━━━━━ Given data ━━━━━

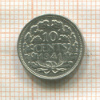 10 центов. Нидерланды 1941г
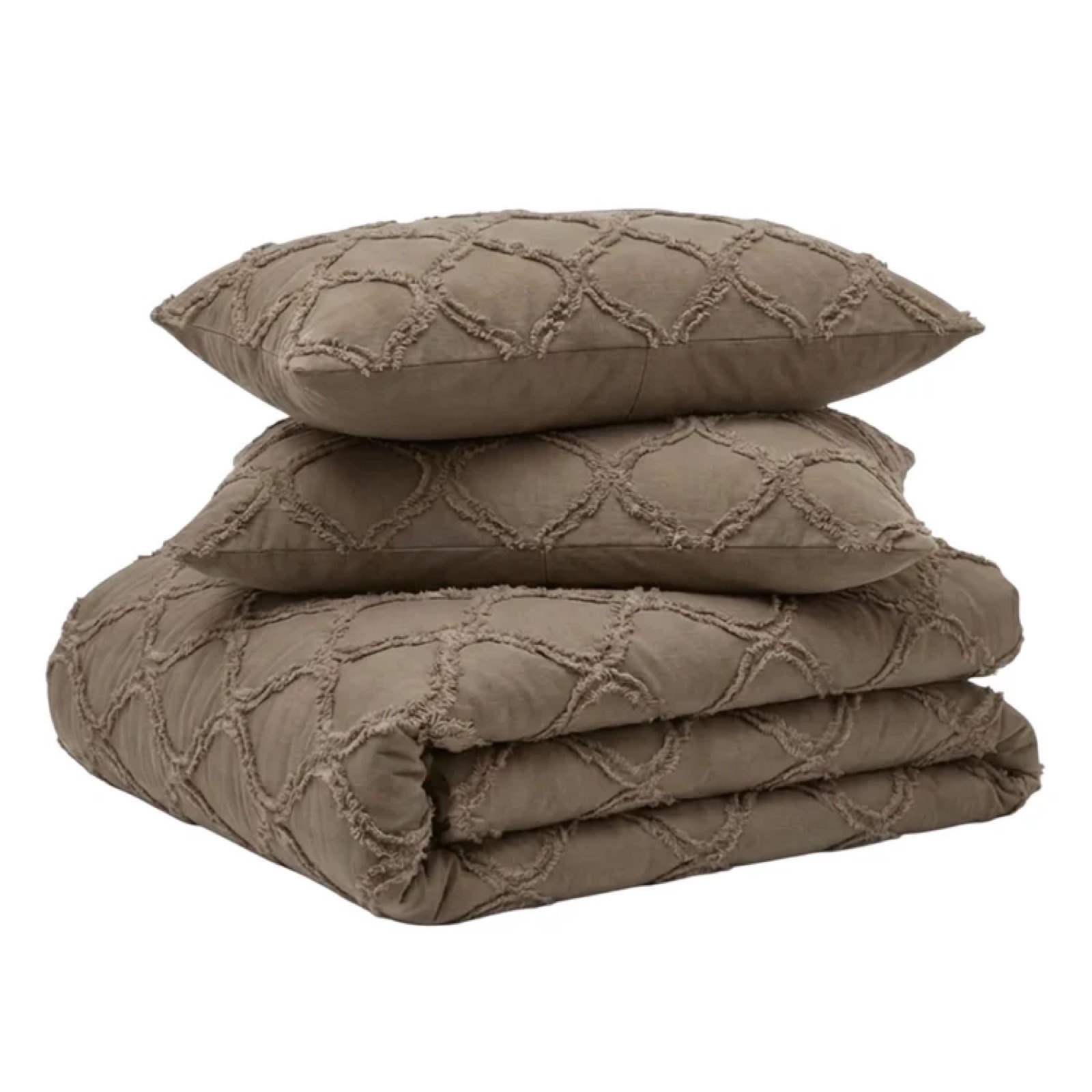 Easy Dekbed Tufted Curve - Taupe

━━━━━
━━━━━ Given data ━━━━━

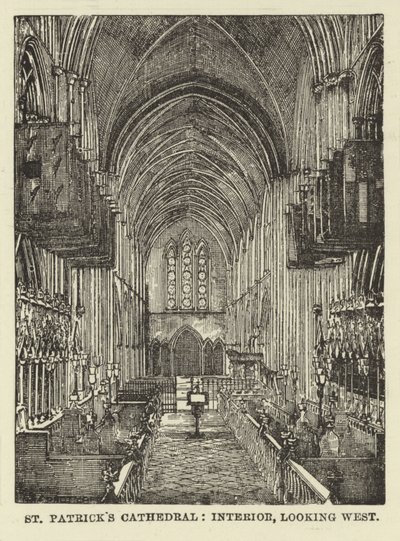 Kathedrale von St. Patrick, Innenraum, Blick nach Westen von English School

━━━━━
━━━━━ Given data ━━━━━

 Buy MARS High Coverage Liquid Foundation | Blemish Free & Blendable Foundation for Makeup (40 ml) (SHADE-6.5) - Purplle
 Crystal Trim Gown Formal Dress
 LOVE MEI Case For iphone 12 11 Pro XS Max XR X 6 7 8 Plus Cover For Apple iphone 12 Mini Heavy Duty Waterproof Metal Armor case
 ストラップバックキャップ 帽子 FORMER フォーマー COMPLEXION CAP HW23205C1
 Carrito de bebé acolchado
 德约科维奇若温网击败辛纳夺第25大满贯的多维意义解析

━━━━━

#### What you have to do
Set down again, word for word, the stretch of records from the line with "Carrito de bebé acolchado" to the line with "德约科维奇若温网击败辛纳夺第25大满贯的多维意义解析", both of those lines included.

#### Written reply
 Carrito de bebé acolchado
 德约科维奇若温网击败辛纳夺第25大满贯的多维意义解析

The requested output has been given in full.